-------- Entries provided

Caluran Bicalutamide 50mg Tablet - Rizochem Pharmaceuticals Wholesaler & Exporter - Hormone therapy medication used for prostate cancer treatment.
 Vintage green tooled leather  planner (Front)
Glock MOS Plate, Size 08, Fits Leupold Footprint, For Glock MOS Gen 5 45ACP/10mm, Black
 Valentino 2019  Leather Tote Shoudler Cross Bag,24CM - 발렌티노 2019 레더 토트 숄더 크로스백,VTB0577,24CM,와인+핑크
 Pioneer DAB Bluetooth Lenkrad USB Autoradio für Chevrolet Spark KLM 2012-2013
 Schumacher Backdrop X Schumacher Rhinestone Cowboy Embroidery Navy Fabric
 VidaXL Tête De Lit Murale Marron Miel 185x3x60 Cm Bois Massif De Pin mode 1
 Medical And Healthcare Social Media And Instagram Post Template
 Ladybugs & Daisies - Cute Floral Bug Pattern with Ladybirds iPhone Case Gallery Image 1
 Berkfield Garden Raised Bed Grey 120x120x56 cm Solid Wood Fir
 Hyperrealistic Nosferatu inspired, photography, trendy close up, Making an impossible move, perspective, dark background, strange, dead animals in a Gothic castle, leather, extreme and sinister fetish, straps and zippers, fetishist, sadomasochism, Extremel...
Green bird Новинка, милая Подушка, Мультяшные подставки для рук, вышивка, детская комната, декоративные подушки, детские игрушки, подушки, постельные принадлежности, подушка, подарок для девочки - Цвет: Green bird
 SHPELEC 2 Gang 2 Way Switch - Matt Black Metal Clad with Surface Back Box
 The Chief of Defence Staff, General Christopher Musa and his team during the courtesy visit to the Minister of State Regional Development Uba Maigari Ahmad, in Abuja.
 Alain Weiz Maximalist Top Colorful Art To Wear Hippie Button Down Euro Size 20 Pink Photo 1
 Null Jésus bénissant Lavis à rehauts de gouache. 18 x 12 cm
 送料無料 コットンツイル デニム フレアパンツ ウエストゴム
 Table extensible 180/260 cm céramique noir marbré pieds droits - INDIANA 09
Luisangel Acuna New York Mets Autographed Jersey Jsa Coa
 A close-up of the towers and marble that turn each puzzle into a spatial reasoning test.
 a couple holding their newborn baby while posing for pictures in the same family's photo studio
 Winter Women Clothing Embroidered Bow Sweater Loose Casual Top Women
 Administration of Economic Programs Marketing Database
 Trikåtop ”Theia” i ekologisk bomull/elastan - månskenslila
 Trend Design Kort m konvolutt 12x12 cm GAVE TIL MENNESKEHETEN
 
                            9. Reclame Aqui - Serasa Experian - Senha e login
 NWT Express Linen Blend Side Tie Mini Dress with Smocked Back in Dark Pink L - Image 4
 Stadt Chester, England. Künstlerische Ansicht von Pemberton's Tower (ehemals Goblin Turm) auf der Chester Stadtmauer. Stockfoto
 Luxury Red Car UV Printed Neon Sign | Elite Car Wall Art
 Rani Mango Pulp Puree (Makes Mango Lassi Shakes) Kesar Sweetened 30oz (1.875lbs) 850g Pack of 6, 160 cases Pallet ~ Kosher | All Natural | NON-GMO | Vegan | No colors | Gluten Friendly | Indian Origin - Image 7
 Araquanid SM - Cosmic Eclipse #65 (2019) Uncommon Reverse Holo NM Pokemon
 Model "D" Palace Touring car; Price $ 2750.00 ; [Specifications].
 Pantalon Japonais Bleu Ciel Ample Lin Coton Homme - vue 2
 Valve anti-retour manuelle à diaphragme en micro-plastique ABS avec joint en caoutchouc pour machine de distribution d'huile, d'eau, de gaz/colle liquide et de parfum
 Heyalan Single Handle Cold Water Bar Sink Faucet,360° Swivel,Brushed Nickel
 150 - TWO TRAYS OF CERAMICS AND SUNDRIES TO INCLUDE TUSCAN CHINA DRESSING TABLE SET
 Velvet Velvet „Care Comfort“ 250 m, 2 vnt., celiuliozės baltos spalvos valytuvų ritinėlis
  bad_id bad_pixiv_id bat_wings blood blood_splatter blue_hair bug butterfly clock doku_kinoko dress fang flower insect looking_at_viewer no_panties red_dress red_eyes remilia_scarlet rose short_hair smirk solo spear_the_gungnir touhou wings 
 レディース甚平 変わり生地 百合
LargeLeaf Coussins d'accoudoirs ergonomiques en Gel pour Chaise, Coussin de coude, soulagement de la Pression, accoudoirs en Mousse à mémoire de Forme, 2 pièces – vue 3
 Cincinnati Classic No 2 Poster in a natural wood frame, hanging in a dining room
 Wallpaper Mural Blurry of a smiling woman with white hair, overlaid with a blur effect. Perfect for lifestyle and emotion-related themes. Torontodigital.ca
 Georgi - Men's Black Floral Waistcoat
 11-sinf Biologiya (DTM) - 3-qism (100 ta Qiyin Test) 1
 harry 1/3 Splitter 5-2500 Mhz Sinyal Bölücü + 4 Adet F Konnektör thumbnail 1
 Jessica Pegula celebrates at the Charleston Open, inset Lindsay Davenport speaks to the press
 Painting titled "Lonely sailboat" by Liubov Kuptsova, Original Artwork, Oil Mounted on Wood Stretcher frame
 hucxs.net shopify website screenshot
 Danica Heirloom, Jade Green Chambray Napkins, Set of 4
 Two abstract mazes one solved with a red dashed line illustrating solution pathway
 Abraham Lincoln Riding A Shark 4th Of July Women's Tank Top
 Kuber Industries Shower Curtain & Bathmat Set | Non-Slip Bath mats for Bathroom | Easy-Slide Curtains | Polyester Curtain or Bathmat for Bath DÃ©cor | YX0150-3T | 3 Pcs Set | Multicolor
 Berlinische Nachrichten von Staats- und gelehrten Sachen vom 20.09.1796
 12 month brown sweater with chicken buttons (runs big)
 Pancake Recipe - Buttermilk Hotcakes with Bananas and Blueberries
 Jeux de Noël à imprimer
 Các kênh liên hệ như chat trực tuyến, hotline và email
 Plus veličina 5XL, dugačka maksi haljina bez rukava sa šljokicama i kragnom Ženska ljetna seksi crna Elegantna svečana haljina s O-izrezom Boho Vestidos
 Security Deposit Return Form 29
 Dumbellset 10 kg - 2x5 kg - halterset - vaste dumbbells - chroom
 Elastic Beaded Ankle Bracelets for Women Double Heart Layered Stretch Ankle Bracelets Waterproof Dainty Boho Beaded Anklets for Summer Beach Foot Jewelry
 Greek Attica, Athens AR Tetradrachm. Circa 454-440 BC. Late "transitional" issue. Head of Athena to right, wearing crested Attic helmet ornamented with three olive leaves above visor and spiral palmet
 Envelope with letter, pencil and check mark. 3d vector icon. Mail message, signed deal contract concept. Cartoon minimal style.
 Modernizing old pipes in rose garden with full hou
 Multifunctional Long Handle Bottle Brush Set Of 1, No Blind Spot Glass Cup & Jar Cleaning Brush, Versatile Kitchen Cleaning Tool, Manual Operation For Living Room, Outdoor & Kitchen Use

----------------

▶ **Work required**:
Output the number of lines above holding the word "Black", and nothing besides it.

▶ **Output for this task**:
3